Ah, Jeanette Eaton, you writer of juvenile biographies, you. We meet again! This time her subject is one of great interest to me, Roger Williams. Since I moved to Rhode Island for graduate school, I missed out on the local history lessons that the long-time residents received in public school. But *everything* down here is all about Roger Williams (there's a university, I'm just a quick drive from the park and the zoo it contains). . . you can't visit Rhode Island without tripping over the man.
Lone Journey does an excellent job of describing pertinent events in the childhood and youth of Roger Williams that led him to his eventual place of influence in the colonies. As a young child, he was raised Anglican, as was proper. It was believed at the time that it was absolutely necessary that religious and state authority be unified, and one used to enforce the other, to maintain power and influence. But Roger soon saw how the civil government and the church corrupted each other, and waged war against decent people (often other Christians, especially Puritans) for their refusal to conform. Despite the disapproval of his parents, Roger also became a member of the Puritan faith and went to study under a prominent lawyer. Here, also, he discovered firsthand how the King and other politicians used his influence to force the church to sanction their own immoral acts. Eventually becoming outspoken in his own right, Roger fled to the colonies to avoid prosecution in England for his beliefs.
He had hoped to find new freedoms in a new land, but found to his disappointment the powers that be (in this case, the heads of the Massachusetts Bay Company) were recreating exactly the same power structure that existed at home. Men were imprisoned for refusing to attend church services, and those of minority Christian faiths were being persecuted and exiled (and, in later years, executed). Roger Williams was of the firm conviction that civil law should only address civil matters, and that matters of religious faith and belief should be left to the individual to freely express. He founded his own colony in Providence, as well as the islands in Narragansett Bay, and welcomed people of all faiths, including Quakers, which were being exiled from Massachusetts, and Jews, which were being cast out of Europe.

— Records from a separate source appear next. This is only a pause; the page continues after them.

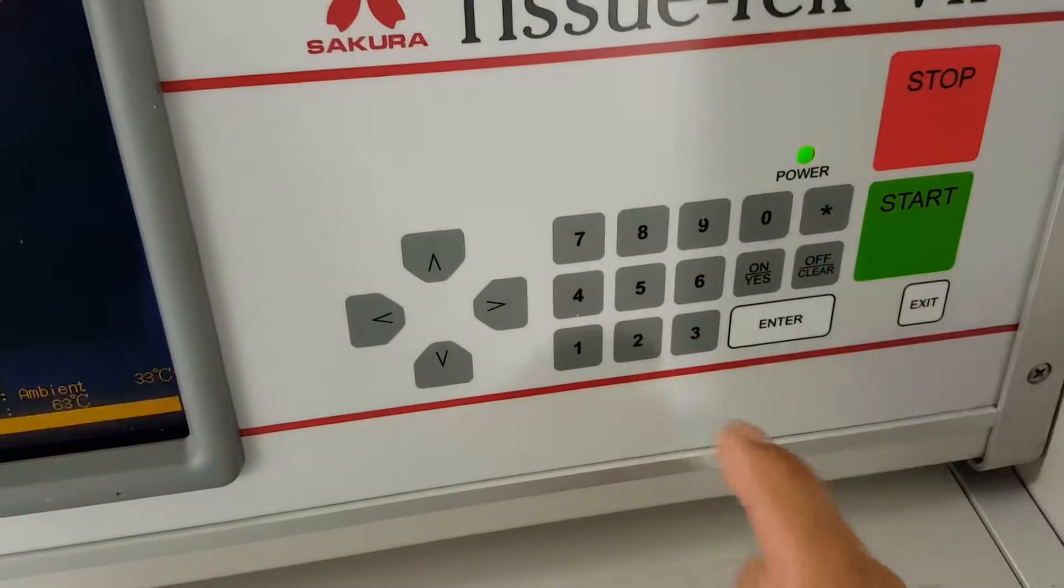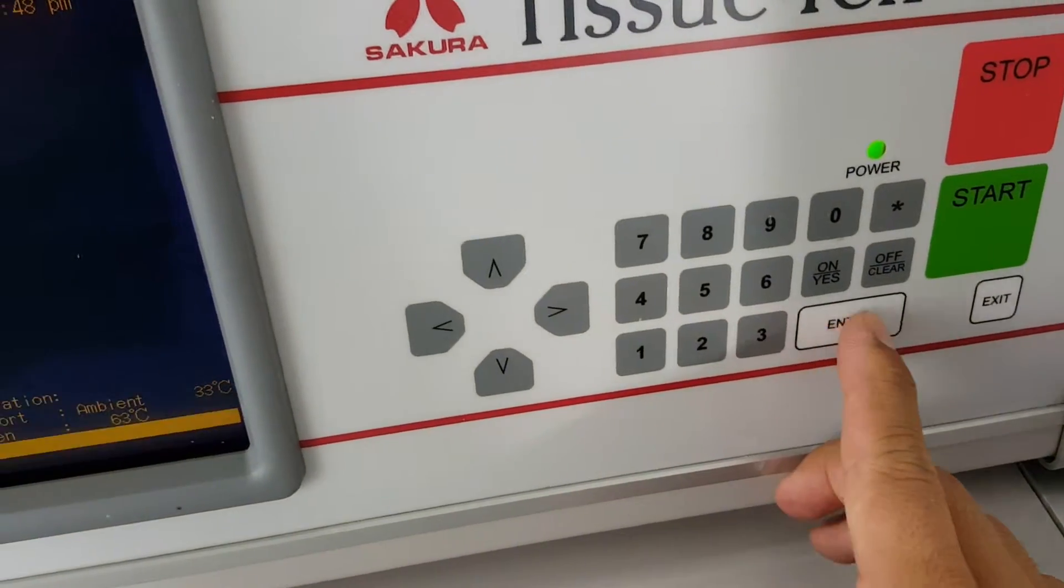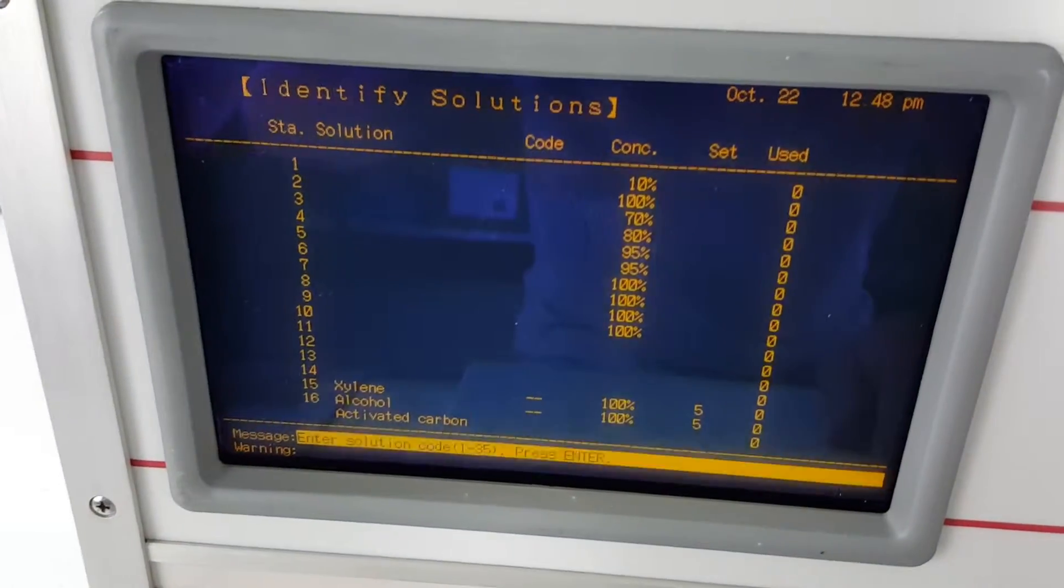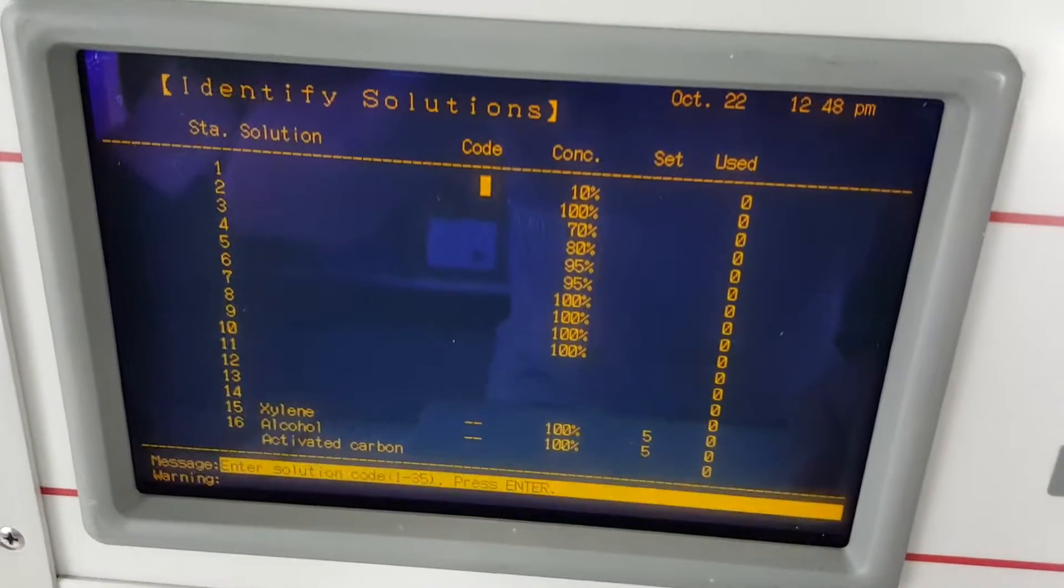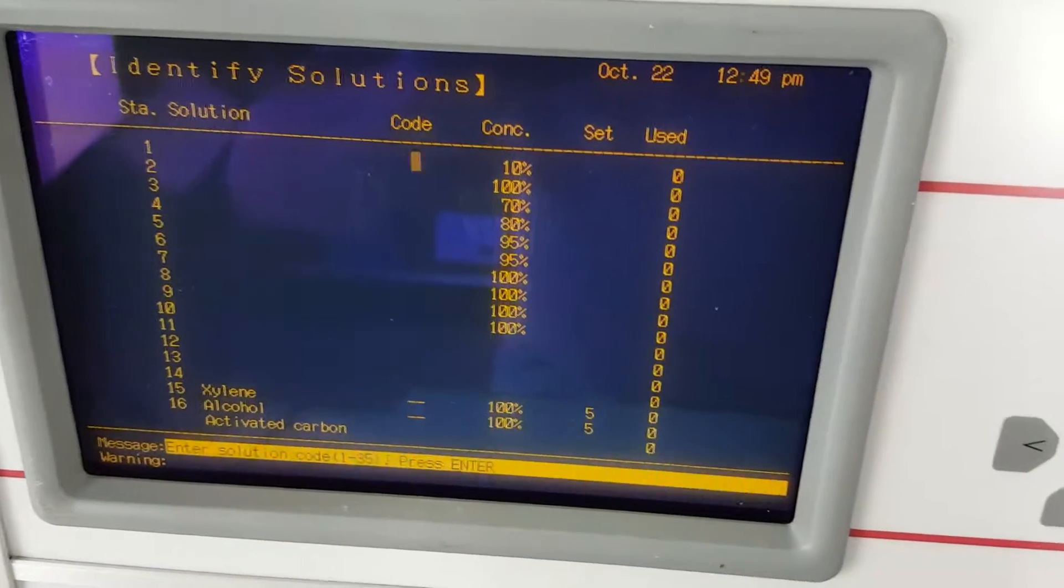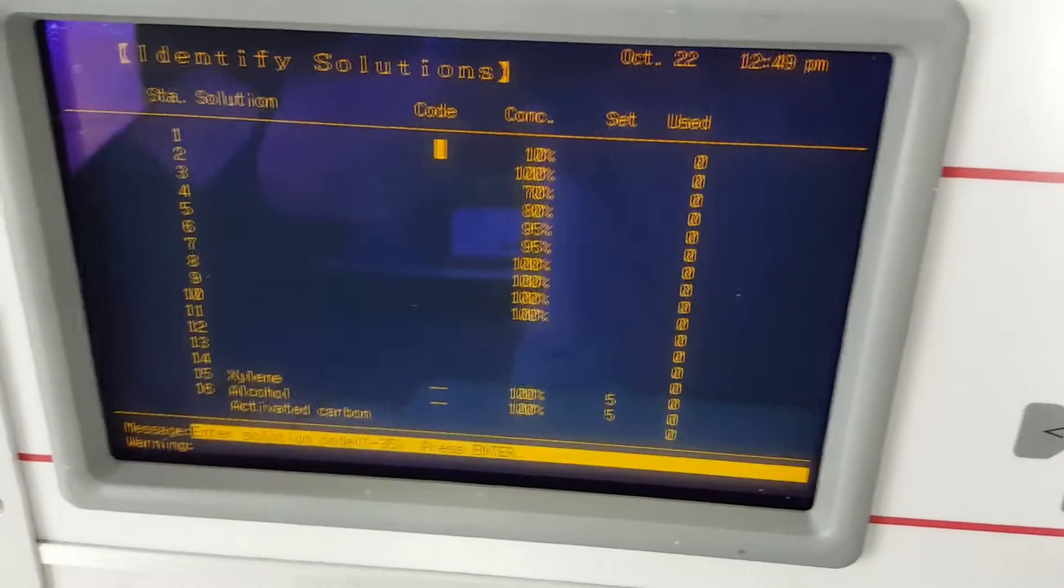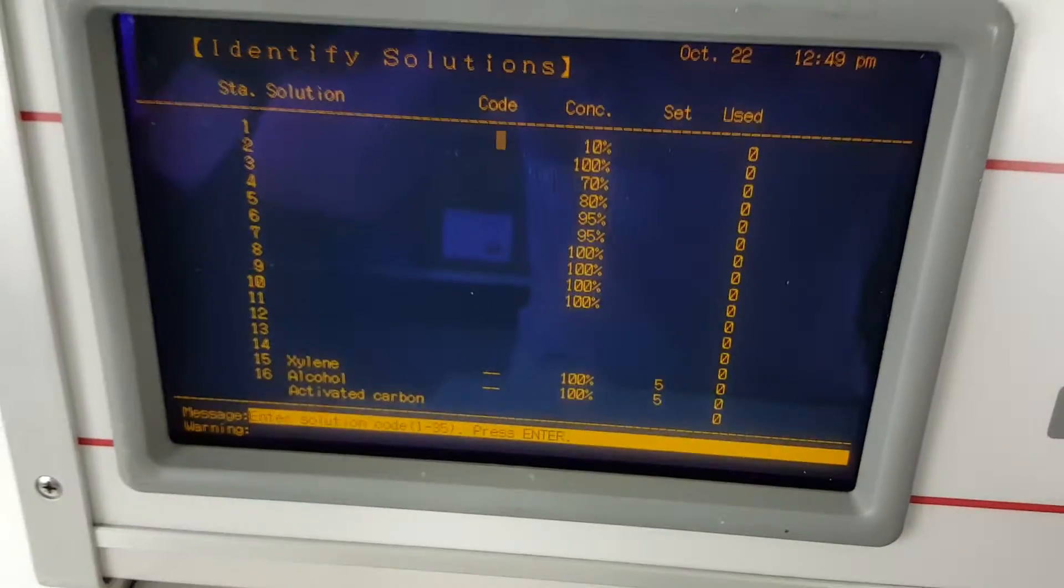To get there you just press three enter and you'll come up with the station solution, the code number, the concentration, the set column and used column and I'll describe those later.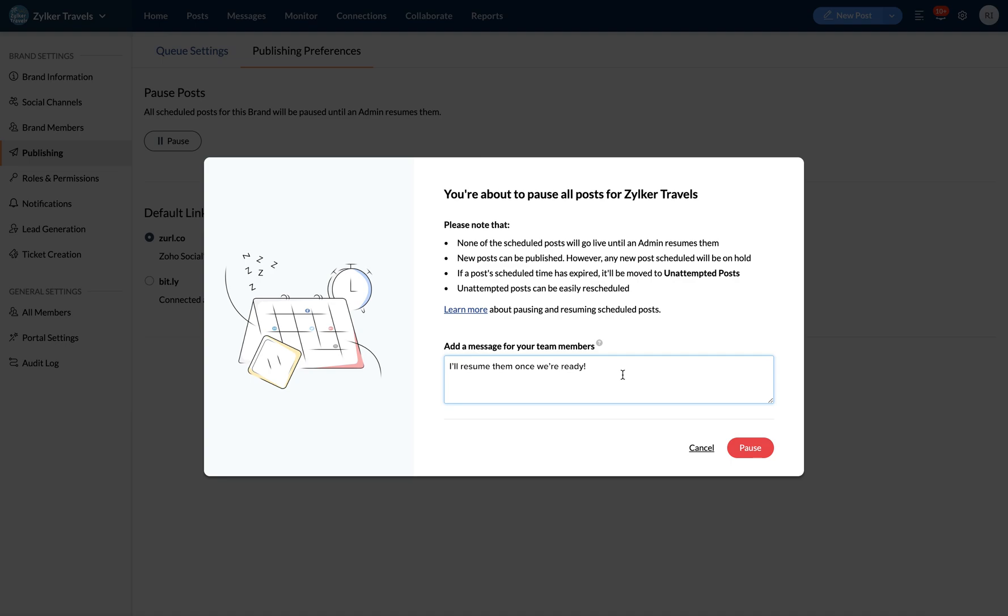And if a team member tries to create a new post directly from the post section during a pause, they will be alerted about this through a one-time pop-up in the publishing window.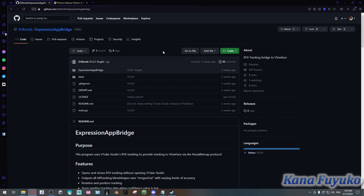Hi everybody! I hope you're all having a good day and smiling. So in this tutorial, I'm going to be teaching you how to set up RTX tracking with VT Face and Vinyan.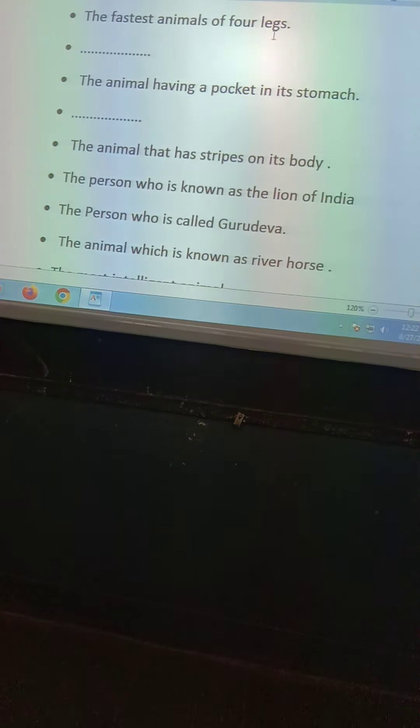Now the next question, question number four: the person who is known as the Lion of India. And question number five: the person who is called Gurudev. You don't have to tell me the answer — write it down.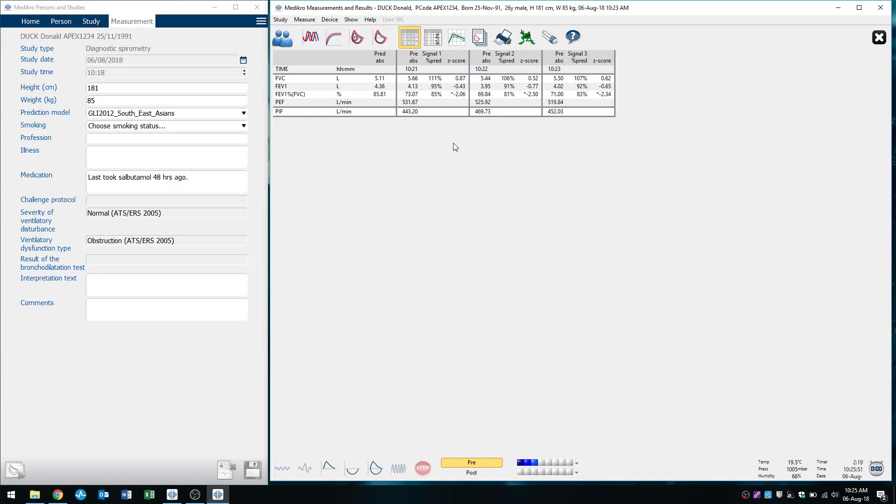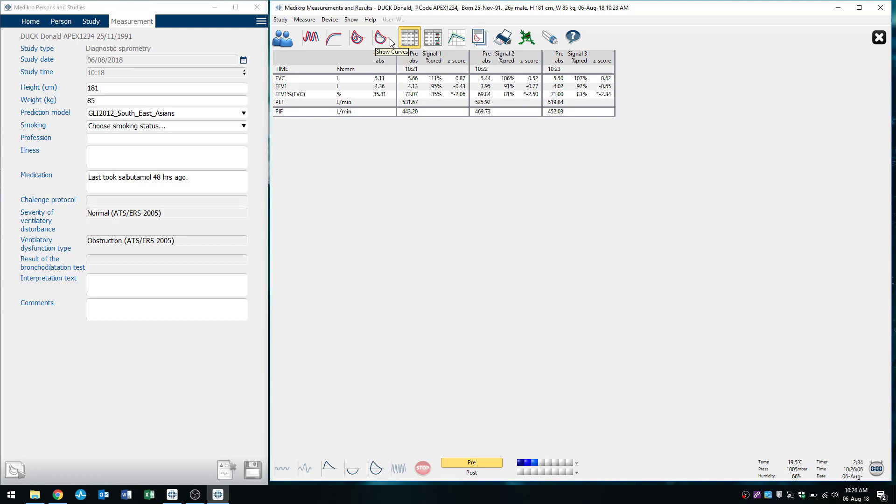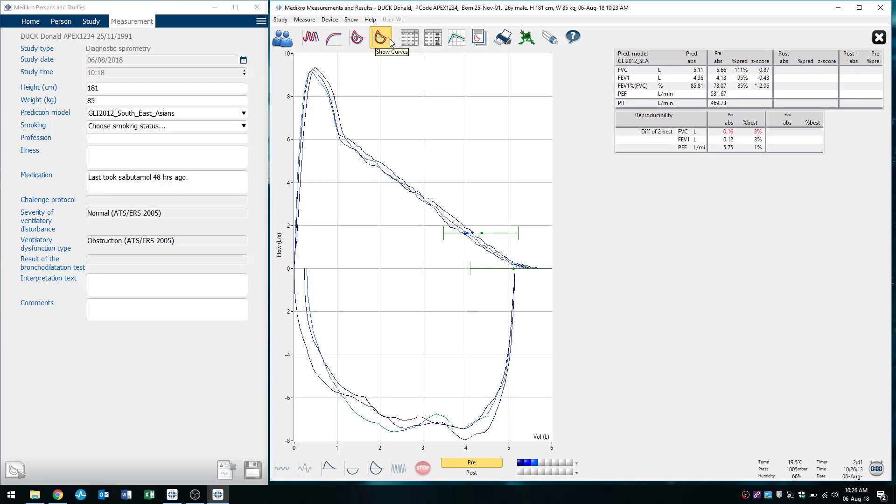But you can see here that my FVC, the two highest values, 5.66 and 5.50, that's 160 mils off, so that's not quite acceptable. So at this point you would probably instruct the patient to do one or two more blows just to try get nice, acceptable and repeatable values.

Part of the reason for his success in his colony is that he was a genuine and honest man, who dealt honestly with his peers, and with the native tribes that surrounded him. He always brokered fair trades, paid for land with fair currency, and was often relied on to mediate disputes amongst tribes, or between tribes and other white men.
It is interesting to note that Roger Williams seemed to have a great fondness for Native American tribes (going so far as to publish a language reference which is still available today), but did not see it as his mission field to try to convert them to Christianity. He felt that it would be hypocritical to encourage him to join the white man's faith, when the white men were behaving so abominably and in direct opposition to what they claimed to believe. Instead, he lived his own faith through his actions.
Finally, the last tidbit that made this book especially fun for me was getting to meet the people who various places in Rhode Island are named for. Makes me feel like I kind of know where I am!